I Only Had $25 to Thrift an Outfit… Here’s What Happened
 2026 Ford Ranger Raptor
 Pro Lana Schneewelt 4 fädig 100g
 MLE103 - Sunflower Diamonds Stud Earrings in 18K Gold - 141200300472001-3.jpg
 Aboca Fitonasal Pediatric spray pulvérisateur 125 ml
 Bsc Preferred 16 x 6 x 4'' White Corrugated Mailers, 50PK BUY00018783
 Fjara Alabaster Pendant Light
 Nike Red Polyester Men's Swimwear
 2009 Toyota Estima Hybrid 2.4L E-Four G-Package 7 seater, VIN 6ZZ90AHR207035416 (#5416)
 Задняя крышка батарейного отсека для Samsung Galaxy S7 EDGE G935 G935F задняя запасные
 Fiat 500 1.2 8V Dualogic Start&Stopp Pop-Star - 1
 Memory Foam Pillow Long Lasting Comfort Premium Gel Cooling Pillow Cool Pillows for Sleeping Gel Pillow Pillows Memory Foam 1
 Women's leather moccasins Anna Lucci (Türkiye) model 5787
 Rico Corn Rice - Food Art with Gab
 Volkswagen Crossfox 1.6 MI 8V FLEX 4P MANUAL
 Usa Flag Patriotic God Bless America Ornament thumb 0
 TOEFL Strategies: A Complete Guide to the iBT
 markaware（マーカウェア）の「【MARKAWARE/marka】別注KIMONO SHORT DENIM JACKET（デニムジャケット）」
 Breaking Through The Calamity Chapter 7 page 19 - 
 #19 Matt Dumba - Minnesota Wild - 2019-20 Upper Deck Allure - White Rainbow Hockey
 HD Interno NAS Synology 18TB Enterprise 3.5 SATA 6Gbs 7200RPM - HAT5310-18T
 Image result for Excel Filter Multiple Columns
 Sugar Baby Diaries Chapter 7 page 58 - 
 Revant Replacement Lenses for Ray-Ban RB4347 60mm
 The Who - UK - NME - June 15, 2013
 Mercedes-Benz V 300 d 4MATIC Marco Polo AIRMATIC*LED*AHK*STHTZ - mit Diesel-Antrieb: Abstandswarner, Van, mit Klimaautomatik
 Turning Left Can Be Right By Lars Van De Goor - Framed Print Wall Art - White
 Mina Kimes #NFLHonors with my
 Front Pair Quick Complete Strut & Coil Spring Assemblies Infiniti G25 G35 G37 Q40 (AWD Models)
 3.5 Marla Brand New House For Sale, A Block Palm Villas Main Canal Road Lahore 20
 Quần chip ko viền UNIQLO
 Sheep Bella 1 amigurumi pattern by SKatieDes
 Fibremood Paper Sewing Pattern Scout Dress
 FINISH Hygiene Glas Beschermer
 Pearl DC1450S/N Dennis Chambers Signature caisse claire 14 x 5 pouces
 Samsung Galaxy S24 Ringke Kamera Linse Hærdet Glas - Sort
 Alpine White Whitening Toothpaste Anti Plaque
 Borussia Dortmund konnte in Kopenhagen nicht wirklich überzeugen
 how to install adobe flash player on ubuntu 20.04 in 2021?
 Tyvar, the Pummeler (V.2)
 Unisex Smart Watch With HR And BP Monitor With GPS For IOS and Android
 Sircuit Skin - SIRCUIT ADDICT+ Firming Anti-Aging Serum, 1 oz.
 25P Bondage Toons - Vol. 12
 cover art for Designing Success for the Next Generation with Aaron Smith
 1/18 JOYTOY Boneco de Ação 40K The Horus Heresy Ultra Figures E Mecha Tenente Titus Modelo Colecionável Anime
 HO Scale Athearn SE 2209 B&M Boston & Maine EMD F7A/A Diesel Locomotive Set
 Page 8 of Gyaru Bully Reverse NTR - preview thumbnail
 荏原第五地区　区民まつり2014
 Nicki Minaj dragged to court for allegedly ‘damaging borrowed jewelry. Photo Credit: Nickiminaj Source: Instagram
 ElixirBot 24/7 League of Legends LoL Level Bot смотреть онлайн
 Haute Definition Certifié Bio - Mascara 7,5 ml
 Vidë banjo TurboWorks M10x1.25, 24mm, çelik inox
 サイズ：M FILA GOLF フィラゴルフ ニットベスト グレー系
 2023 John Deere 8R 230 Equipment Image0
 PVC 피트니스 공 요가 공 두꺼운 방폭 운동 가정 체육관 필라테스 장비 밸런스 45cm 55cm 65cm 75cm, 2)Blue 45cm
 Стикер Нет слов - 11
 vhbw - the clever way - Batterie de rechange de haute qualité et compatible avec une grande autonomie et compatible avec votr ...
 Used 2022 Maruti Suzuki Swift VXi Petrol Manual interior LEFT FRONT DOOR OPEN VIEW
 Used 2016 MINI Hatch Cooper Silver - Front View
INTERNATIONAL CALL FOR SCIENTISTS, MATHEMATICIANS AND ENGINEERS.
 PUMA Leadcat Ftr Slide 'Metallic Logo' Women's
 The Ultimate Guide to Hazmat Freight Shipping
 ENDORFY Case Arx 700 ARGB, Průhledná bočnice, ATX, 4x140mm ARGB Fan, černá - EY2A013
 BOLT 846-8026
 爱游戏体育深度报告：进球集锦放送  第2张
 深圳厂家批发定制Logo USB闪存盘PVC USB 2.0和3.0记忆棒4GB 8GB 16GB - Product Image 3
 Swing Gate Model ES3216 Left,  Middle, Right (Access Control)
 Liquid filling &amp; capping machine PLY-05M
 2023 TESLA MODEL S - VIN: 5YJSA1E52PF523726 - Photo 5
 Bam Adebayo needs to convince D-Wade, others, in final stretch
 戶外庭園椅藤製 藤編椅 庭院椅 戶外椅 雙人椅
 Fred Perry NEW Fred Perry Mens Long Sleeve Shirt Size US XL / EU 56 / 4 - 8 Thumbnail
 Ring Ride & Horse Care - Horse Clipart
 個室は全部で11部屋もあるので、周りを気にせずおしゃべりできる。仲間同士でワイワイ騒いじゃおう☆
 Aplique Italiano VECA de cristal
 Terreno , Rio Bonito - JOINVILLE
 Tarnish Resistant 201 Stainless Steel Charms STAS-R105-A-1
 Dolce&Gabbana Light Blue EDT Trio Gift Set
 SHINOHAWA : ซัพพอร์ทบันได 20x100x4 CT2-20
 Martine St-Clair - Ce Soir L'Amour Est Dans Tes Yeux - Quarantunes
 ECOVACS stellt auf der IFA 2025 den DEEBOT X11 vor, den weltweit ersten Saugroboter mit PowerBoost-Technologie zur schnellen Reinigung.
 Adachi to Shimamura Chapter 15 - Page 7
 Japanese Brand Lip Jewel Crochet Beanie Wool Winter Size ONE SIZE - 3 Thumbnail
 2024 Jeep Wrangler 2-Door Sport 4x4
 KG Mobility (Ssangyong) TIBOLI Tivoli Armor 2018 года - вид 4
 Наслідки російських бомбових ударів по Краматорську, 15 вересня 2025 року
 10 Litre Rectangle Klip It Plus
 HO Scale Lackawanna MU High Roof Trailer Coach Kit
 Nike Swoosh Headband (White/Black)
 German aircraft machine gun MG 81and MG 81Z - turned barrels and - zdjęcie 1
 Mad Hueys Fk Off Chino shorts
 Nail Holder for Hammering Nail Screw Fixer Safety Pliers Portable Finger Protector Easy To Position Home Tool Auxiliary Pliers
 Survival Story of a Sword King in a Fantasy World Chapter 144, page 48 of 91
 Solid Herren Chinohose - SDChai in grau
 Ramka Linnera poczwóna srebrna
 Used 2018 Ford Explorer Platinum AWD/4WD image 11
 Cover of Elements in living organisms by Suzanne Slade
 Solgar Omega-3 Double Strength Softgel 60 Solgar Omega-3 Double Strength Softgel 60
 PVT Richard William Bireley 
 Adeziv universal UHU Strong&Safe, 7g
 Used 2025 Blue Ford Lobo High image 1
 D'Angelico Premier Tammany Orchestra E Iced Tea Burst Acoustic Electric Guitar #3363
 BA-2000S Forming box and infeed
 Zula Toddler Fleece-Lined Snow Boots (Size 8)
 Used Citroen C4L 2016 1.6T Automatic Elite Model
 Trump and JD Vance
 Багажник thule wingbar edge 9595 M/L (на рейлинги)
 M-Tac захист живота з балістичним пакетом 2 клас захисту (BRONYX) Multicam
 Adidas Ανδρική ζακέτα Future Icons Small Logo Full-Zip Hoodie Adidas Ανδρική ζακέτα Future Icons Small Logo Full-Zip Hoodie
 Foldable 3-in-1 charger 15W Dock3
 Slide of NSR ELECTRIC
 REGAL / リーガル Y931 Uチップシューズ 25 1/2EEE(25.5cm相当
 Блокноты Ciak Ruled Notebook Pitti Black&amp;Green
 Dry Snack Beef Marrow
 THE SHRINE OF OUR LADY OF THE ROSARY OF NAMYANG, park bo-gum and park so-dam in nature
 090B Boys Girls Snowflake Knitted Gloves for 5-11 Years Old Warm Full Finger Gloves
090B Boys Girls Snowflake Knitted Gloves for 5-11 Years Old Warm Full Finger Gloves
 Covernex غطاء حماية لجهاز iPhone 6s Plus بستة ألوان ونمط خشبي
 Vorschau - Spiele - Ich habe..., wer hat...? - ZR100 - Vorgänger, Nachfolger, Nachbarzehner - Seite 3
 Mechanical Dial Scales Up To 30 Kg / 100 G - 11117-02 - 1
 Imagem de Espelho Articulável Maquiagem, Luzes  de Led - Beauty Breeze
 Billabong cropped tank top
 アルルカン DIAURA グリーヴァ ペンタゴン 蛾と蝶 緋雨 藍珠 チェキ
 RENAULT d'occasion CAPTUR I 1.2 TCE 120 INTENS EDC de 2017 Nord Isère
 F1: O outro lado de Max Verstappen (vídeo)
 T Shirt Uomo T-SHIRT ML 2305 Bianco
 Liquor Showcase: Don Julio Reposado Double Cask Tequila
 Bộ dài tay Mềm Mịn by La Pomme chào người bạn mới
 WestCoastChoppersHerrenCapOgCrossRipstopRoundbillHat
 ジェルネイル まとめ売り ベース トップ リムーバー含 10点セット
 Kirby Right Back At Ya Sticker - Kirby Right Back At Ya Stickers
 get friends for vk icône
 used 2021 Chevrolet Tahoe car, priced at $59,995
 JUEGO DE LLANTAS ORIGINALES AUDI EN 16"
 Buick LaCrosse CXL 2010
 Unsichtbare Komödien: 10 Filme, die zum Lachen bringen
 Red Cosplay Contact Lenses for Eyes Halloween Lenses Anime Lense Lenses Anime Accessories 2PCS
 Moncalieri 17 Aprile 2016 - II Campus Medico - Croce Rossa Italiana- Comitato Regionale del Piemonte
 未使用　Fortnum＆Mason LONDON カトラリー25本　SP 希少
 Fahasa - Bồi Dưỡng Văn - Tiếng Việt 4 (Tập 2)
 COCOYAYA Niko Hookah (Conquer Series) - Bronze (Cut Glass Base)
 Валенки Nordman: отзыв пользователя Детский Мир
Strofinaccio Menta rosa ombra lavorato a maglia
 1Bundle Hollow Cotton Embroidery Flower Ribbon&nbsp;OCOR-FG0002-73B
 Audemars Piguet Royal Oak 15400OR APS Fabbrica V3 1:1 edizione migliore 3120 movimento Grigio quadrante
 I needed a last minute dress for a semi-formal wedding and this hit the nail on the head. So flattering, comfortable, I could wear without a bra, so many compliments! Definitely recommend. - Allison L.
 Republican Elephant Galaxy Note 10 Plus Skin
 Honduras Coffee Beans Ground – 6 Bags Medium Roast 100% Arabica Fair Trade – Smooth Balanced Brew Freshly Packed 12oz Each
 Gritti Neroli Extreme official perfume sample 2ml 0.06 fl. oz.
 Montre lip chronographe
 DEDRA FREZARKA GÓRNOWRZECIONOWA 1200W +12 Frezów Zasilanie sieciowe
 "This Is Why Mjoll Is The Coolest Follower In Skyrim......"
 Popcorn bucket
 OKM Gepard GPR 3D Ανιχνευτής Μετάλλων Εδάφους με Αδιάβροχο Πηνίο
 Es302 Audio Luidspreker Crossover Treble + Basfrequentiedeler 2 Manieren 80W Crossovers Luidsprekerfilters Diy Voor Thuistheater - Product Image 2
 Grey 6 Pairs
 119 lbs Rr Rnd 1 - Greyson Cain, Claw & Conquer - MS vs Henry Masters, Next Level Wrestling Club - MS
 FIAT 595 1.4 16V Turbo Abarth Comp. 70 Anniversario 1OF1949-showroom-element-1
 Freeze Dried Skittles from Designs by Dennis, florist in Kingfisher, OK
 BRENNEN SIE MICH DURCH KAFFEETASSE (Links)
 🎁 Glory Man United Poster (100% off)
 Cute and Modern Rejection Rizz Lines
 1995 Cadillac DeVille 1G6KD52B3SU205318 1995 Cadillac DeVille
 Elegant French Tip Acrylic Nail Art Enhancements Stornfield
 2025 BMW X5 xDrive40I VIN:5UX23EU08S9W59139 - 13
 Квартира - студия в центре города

————

■ **Assignment**: When a line in the material above holds the word "Anime", count it; report only the total.

■ **Reply**: 2